I thought it time to ‘put the record straight’ & post a definitive version which contains slightly more efficient code, and better matching algorithms, so here it is.

Firstly, I must state that the Fuzzy matching algorithms are very CPU hungry, and should be used sparingly. If for instance you require to lookup a match for a string which starts with, contains or ends with a specified value, this can be performed far more efficiently using the MATCH function:
Fuzzy Examples.xls
ABCDE
1Starts WithEndsContains
2BilljelenBill
3Mr Bill Jelen433
4Bill Jelen
5Joe Bloggs
6Fred Smith
MATCH Example


... Continued ...
 

Excel Facts

Back into an answer in Excel
Use Data, What-If Analysis, Goal Seek to find the correct input cell value to reach a desired result
Superb!!
quick question. What would u recommend the best settings are for the following.

I am merging 2 databases and will be checking for duplicates in names, emails and addresses (street name and zip code)

one database has 11,000 records and the other 6,000, so don't want to spend all day figuring out what's best for each lookup. Have a quad core processor but even that takes a while to get results.

thanks in advance!!
 
Upvote 0
Superb!!
quick question. What would u recommend the best settings are for the following.

I am merging 2 databases and will be checking for duplicates in names, emails and addresses (street name and zip code)

one database has 11,000 records and the other 6,000, so don't want to spend all day figuring out what's best for each lookup. Have a quad core processor but even that takes a while to get results.

thanks in advance!!

Hi,

Algorithm 4 (Levenstein distance) is the most accurate, but slower than algorithm 2 which matches pairs, triplets, quadfs etc..

Given the number of entries, I'd suggest algorithm 2.
 
Upvote 0
Unusual reason for non-completion of fuzzy vlookup

Just thought I'd post this because it is quite funny.

Was running a fuzzy vlookup for a column of 2000 odd names and while in the midst of the calculation, my laptop was stolen! From the kitchen while we were in the room next door! :eeek: (I am in Africa doing a child sponsorship program - was comparing names to last years list with plenty of spelling errors).

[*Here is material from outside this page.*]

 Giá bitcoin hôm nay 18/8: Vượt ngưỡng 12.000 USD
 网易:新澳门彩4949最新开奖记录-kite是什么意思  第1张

I wonder if the bandito (as they call them here in Mozambique) allowed the calculation to complete...
 
Upvote 0
I've been using FuzzyVlookup to match account information between two databases. I'm matching based on the street address and then removing duplicates. This has saved me considerable time where Vlookup would have caused all sorts of issues in regards to slight deviations in spelling street names or in how certain streets were abbreviated when entered in. Sometimes "6th st" was entered "sixth st" for example and this has saved me time in matching.

However, I feel that my procoss of merging databases, given the criteria of matching by street address, would be more accurate by matching first on street number and then referencing the street name in another column. I'm not quite sure how to inform the macro that's run though to first match to street number and then to compare that against the street name. Basically I want to have a higher threshold for the street number with a lower threshhold for the street name. I imagine this would be best served with one column having the respective street numbers and the column over having the street names.

This is probably already possible to do, but could someone provide an example of how to do this? Perhaps it involves the group or column offset?

Thanks for your help!
 
Upvote 0
Hi irhumbled,

Can you provide a sample set of inputs?

you may want to start a new thread for this (although I'm sure at least one reply will say "try FuzzyVLookup") - by all means PM me with a link if you wish
 
Upvote 0
Hi irhumbled,

Can you provide a sample set of inputs?

you may want to start a new thread for this (although I'm sure at least one reply will say "try FuzzyVLookup") - by all means PM me with a link if you wish

I'll try to explain what I'm trying to accomplish hopefully more thoroughly.

You might imagine in Column A I have street numbers going down.

For example in A1: 122, A2: 156, A3: 994

And in Column B I'll have the street name of the street address

For example in B1: Thoroughway St, B2: Douglas Ct, B3: Clearwater Dr

And in Column C and/or D I'd have the street addresses (split or concated together into one column) from another database.

I'd like to have the next column over attempt to match the information in column C (or C and D if the info is split) to columns A and B.

The reason I mention this is in addresses I fee it makes the most sense to first priorotize matching street numbers, and then to see if the street name is correct. I'm using the FuzzyVlookup currently but I feel it's giving the same value to a street name as it would to a street number. Basically when there's not a perfect or near perfect match, I'd rather have it have a high priority of matching street numbers even if the street name is moderatly off. This was, something like 1113 6th st matches more likely to 1113 sixth street because of the shared street number.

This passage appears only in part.